Espérance la prit d'une main, essayant tant bien que mal de la positionner correctement dans ses doigts. Elle la trempa délicatement dans l'encrier avant d'écrire avec. La plume grattait sur le parchemin, s'accrochait aux fibres du papier. Elle n'était toujours pas très à l'aise avec ce genre d'outils. Remus le savait bien, à la maison, elle écrivait encore avec un stylo et une feuille de papier. Sa mère n'avait pas de pouvoirs magiques, contrairement à son père. Elle avait pourtant bien accepté les capacités de celui-ci, elle disait que c'était à cause de leur rencontre, mais le petit garçon n'avait jamais su pourquoi.

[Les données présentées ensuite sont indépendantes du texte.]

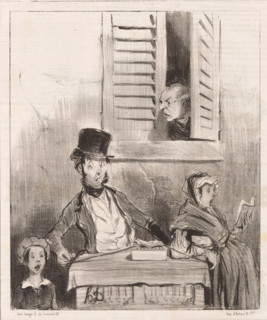 Man sends away singing family with street organ, Musicians of Paris, Les musiciens de Paris,
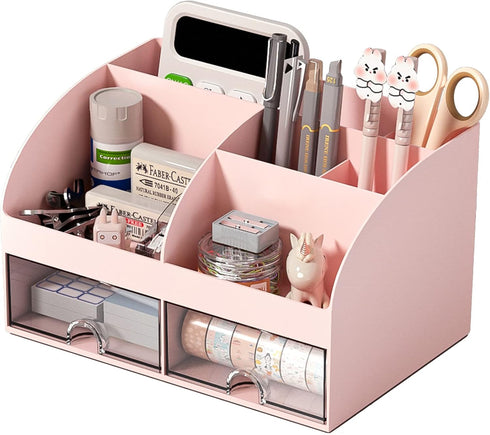 Desk Organizer with 6 Compartments and 2 Drawers, Plastic Makeup Organizer for School Home Office Supplies
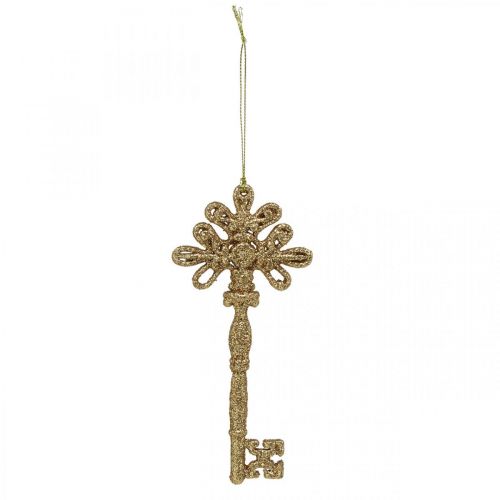 Floristik24 Papuošimo raktas, Kalėdinė puošmena su blizgučiais, eglutės papuošimai Golden H15,5cm 12vnt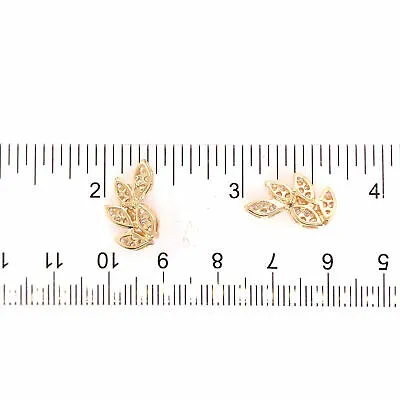 14K Diamond Climber Earrings Yellow Gold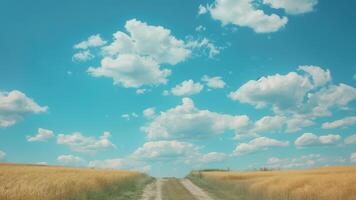 estrada dentro trigo campo e azul céu com nuvens - retro vintage estilo foto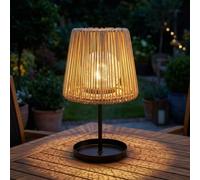 Auraglow Lámpara Solar de Ratán, Bombilla Cristal Craquelado, Pack de 1
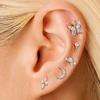 1 Adet Çiçek Tragus Piercing Küpe Ucu İçten Dişli 316L Cerrahi Çelik Takı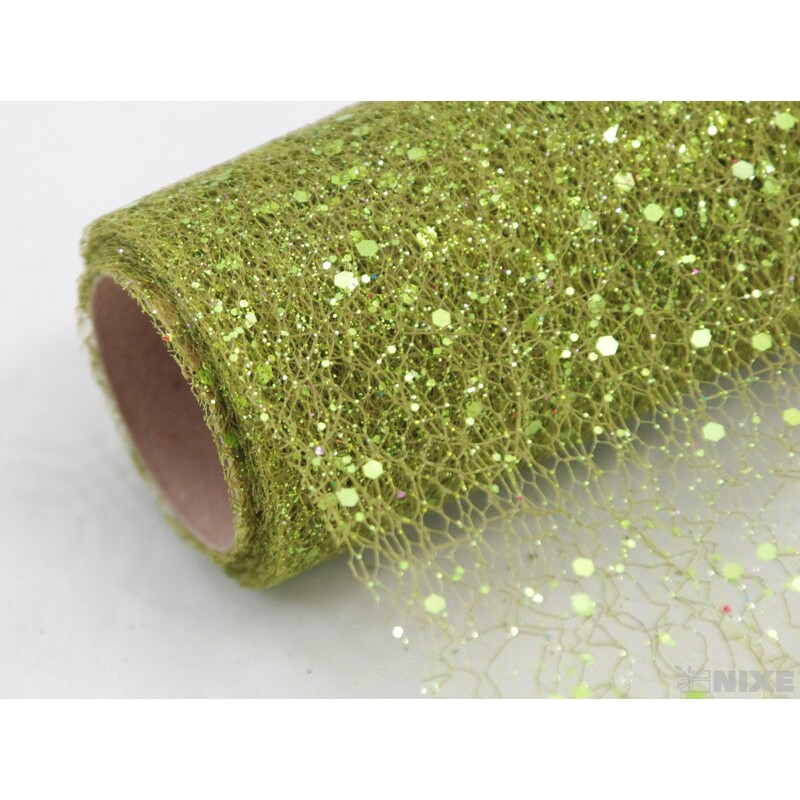 SPIDER ORGANZA BROKÁT 12cmx5yd*ZELENÁ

Il s'en voulait de lui faire en plus subir cet affront, alors que la méchante sorcière derrière son tabouret avait un petit sourire satisfait. Il la regarda remplir les cases sans réussir à déchiffrer ce qu'elle y notait. Ça n'était pas facile. Il posa sans rechigner ses mains sur le comptoir quand la sorcière reprit le parchemin. Elle lui lança un sort qui le chatouilla un peu et ses empreintes apparurent sur le document. Il les regarda, fasciné, se former, avant que la bonne femme range rapidement le papier.

« Merci d'être venue, madame. N'oubliez pas de le surveiller. Et de nous signaler tout comportement déviant. Une cellule spéciale du Ministère de la magie pourra vous aider. »

« Mon fils n'est pas un animal ! Et nous n'avons sûrement pas besoin de vous. » Rétorqua la jeune femme avant de quitter le bureau, Remus sur les talons.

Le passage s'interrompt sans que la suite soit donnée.